Weekend DIY Dad Activity: How to Make a Quick-n-Easy Water Rocket

by A Manly Guest Contributor on July 13, 2012 · 13 comments

in Diversions, Travel & Leisure

Email subscribers, to watch video click here.

Editor’s note: This is a guest post from David Erik Nelson, author of Snip, Burn, Solder, Shred: Seriously Geeky Stuff to Make with Your Kids.

Although store-bought water rockets were once an almost universal part of childhood (at least in suburban middle America, where I grew up), DIY water rockets are almost unheard of in the United States, despite being common in the United Kingdom. The key to the DIY water rocket is the ubiquitous plastic soda bottle. (Often called PET bottles in the UK, these are basically made of polyester, just like your favorite pantsuit.) A soda bottle can easily withstand 150 pounds of pressure per square inch—significantly more than a car or bike tire, and more than enough to launch it into flight.

The following design dispenses with many of the concerns regarding valves, firing mechanisms, pressurization, and so on, because the unit is impossible to over-pressurize, thus eliminating the risk of a rocket explosion. It’s quick and easy (no more than 5 minutes to construct), practically free, fun to make and launch with your kids (while teaching them some basic principles of physics), and, depending on the quality of your bike pump, can arc a bottle 30 feet at speeds safe enough to shoot at your pals, or send a rocket soaring a hundred feet skyward.

What You’ll Need

Figure 1: A finished quick-n-easy water rocket and launch tube


  • an electric drill with 1/4″ and 3/8″ bits
  • a utility knife
  • a ruler
  • a pen
  • a bike pump


  • a wine cork (A used cork is fine; if you’re buying new, a #9 straight wine cork provides a tight fit.)
  • an old tire stem from a bike or car tire
  • one or more 20 oz water or soda bottles
  • a section of tube wide enough to accommodate your bottles (such as a 3″ cardboard mailing tube, or an oatmeal, potato chip, or snack can)
  • a thin dowel or garden stake
  • duct tape

Figure 2: Tools and supplies

How to Build and Launch Your Water Rocket

Step 1: Start by acquiring a tire stem. Tire stores usually have lots of used stems lying around, since the old stems are discarded when new tires are installed. These shops are very frequently staffed by young fathers who will think building a water rocket sounds awesome, and will be eager to give you as many stems as you need. Make sure to tell them that “broken stems are OK”—a broken stem is one that’s had its bulbous end snapped off (you can see this round end on the top of the stem on the left of Figure 3); broken stems work just fine. Alternately, head to a bike shop, where lots of leaky bike tire inner tubes are probably on hand. A car tire stem is a separate unit from the tire and the perfect dimensions for a soda bottle water rocket, while bike tire stems are integrated with the tube and will need to be cut loose. If you’re using a bike tire stem (shown at the right in Figure 3), cut away all of the surrounding rubber.
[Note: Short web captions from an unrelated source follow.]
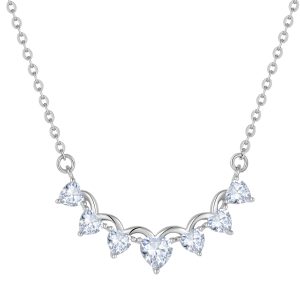 Silver necklace featuring multiple diamonds arranged in a gentle arc, enhancing a V-neck neckline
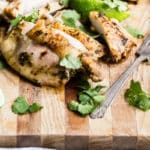 A cutting board full of sliced cilantro-lime chicken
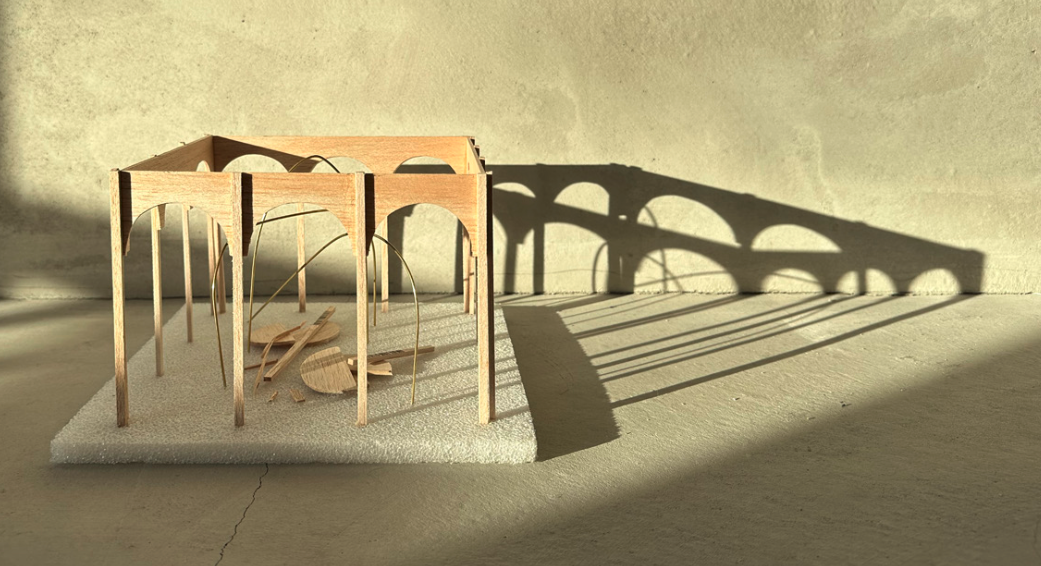 Wooden architectural model of an arched building casting shadows on a concrete surface.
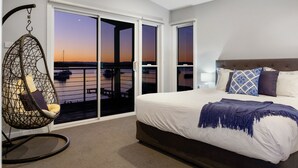 Un dormitorio con cama, una silla colgante y vista al agua.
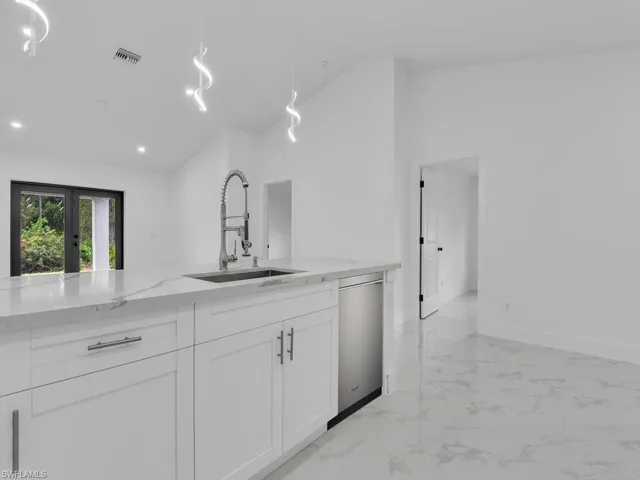 Kitchen with light stone countertops, visible vents, white cabinetry, a sink, and dishwasher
Figure 3: A car tire stem (left) and bike tire stem (right); most of the inner tube has been cut away from the bike stem.

Step 2: To build your launch plug, cut the cork in half, and then drill a hole through the middle to accommodate the tire stem. Cork is a little trickier to work than other woods, since it tends to tear apart. Running the drill fast, start by drilling a 1/4″ hole. If you’re using a bike tire stem (which is a bit narrow), this should be fine (although you’ll likely need to generously ream the hole, or even bump up to the 19/64 bit. For a car tire stem, switch to the 3/8″ bit to expand the hole. In either case, the cork will offer a very snug fit (important for pressurizing the bottle). Test to see which end of your cork fits best into the bottle you have, and measure 1/8″ from that end of the cork. Mark this “safe point” (which I’ll explain later).
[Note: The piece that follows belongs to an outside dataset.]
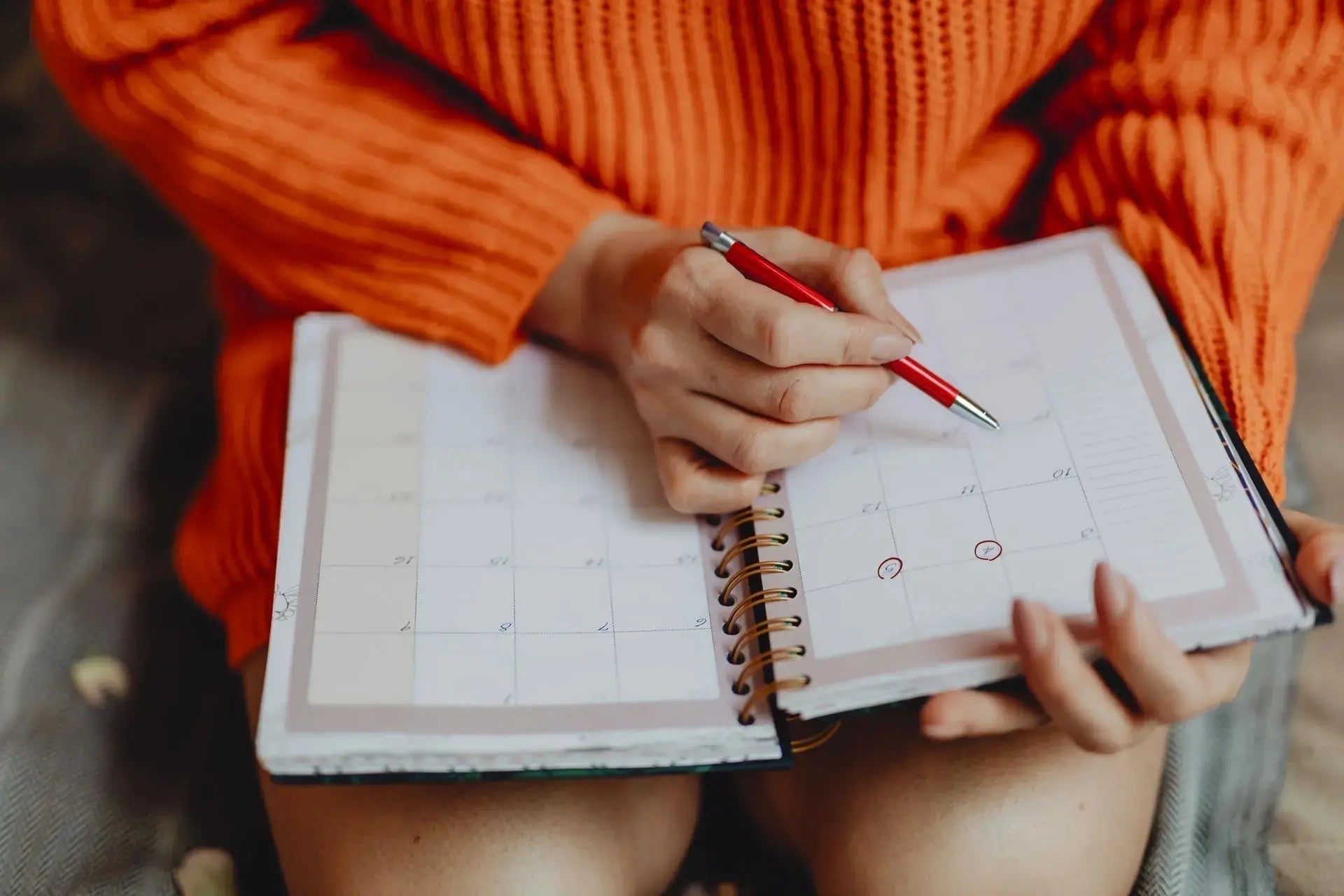 Femme notant les dates de ses règles sur un calendrier pour suivre son cycle menstruel et ses différentes phases. Image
Step 3: Insert the threaded end of the tire stem into the “safe point” end of the cork, and push it through. Twisting as you go will help you work it into the cork. All of the brass threads should be pushed entirely through the cork, as shown in Figure 4. (You can use a utility knife to trim down the cork if it ends up being a little too long.)

Figure 4: The completed launch plug (note the line marking the “safe point”)

Step 4: Set your launch plug aside and build the launch tube. Cut a 7″ length from the mailing tube, and duct tape the garden stake to its side. (For a more permanent launch tube, consider using a piece of 3″ diameter PVC, and securing the stake with a pair of #44 hose clamps.)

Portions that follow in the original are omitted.